Wakil Ketua Komisi Pemberantasan Korupsi (KPK), Alexander Marwata
Sumber :
  • ANTARA FOTO/Wahyu Putro A

VIVA – Komisi Pemberantasan Korupsi (KPK) mengidentifikasi penggunaan kode "ngopi" terkait suap hakim Pengadilan Negeri Jakarta Selatan, R Iswahyu Widodo dan Irwan.

Iswahyu dan Irwan dijerat tersangka bersama Panitera pengganti PN Jaktim Muhammad Ramadhan, seorang pengacara, Arif Fitrawan, dan pihak swasta Martin P Silitonga.

Kode "ngopi" yang digunakan oleh para pihak yang telah ditetapkan tersangka itu terdeteksi dalam komunikasi di antara mereka sebelum penyerahan uang. Dua hakim dan seorang panitera itu diduga menerima uang sebesar 47 ribu Dolar Singapura dari Arif dan Martin.

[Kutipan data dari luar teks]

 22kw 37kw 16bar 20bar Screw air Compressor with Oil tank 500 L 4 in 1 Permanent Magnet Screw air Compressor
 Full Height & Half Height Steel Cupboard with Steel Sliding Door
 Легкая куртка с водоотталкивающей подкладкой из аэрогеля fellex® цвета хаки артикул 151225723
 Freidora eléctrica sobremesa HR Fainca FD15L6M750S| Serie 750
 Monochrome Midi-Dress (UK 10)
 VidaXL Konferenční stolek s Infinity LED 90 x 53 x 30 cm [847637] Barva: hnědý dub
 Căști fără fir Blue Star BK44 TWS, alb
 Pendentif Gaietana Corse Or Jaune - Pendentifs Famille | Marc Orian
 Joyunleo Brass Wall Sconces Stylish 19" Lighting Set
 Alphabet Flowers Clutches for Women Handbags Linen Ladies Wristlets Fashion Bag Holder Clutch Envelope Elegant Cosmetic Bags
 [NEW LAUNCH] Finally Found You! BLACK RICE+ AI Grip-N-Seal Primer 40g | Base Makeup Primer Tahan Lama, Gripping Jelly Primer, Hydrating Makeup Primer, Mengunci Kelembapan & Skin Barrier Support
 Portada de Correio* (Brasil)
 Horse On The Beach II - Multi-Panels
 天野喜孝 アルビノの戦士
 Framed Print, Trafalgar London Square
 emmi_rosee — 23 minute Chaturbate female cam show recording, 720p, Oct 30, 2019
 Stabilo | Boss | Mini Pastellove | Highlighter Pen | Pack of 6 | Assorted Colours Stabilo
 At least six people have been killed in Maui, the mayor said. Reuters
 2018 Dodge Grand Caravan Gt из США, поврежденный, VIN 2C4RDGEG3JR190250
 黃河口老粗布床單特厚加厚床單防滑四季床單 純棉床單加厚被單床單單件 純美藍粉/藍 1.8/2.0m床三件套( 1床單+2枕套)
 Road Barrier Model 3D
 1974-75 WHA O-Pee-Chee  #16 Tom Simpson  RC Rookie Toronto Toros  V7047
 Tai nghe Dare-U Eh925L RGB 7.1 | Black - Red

"Dalam komunikasi teridentifikasi kode yang digunakan adalah "ngopi" yang dalam percakapan disampaikan 'bagaimana, jadi ngopi enggak'," kata Wakil Ketua KPK, Alexander Marwata di kantornya, Jalan Kuningan Persada, Jakarta Selatan, Rabu malam, 28 November 2018.

Penyerahan uang dilakukan Arif kepada Ramadhan pada Selasa 27 November 2018. Uang sebesar Rp500 juta  berkaitan gugatan perdata pembatalan perjanjian akuisisi PT Citra Lampia Mandiri (CLM) oleh PT Asia Pacific Mining Resources (APMR). Perkara perdata ini terdaftar dengan Nomor 262/Pdt.G/2018/PN Jaksel.

Uang tersebut diduga sebagai "pelicin" supaya majelis hakim membatalkan gugatan yang dilayangkan Isrulah Achmad. Sementara pihak tergugat dalam perkara itu adalah Williem JV Dongen dan turut tergugat PT APMR dan Thomas Azali. Rencananya perkara perdata ini diputus hari ini, Kamis 29 November 2018.

KPK menduga telah terjadi pemberian uang ke majelis hakim sebesar Rp150 juta oleh Arif melalui Ramadhan pada Agustus 2018. Uang diduga untuk mempengaruhi putusan sela agar tak diputus NO atau niet ontvankelijke verklaard.

Dalam kasus ini, KPK kemudian menetapkan lima orang sebagai tersangka. Iswahyu, Irwan, dan Ramadhan diduga sebagai penerima suap. Sementara Arif dan Martin diduga sebagai pemberi suap.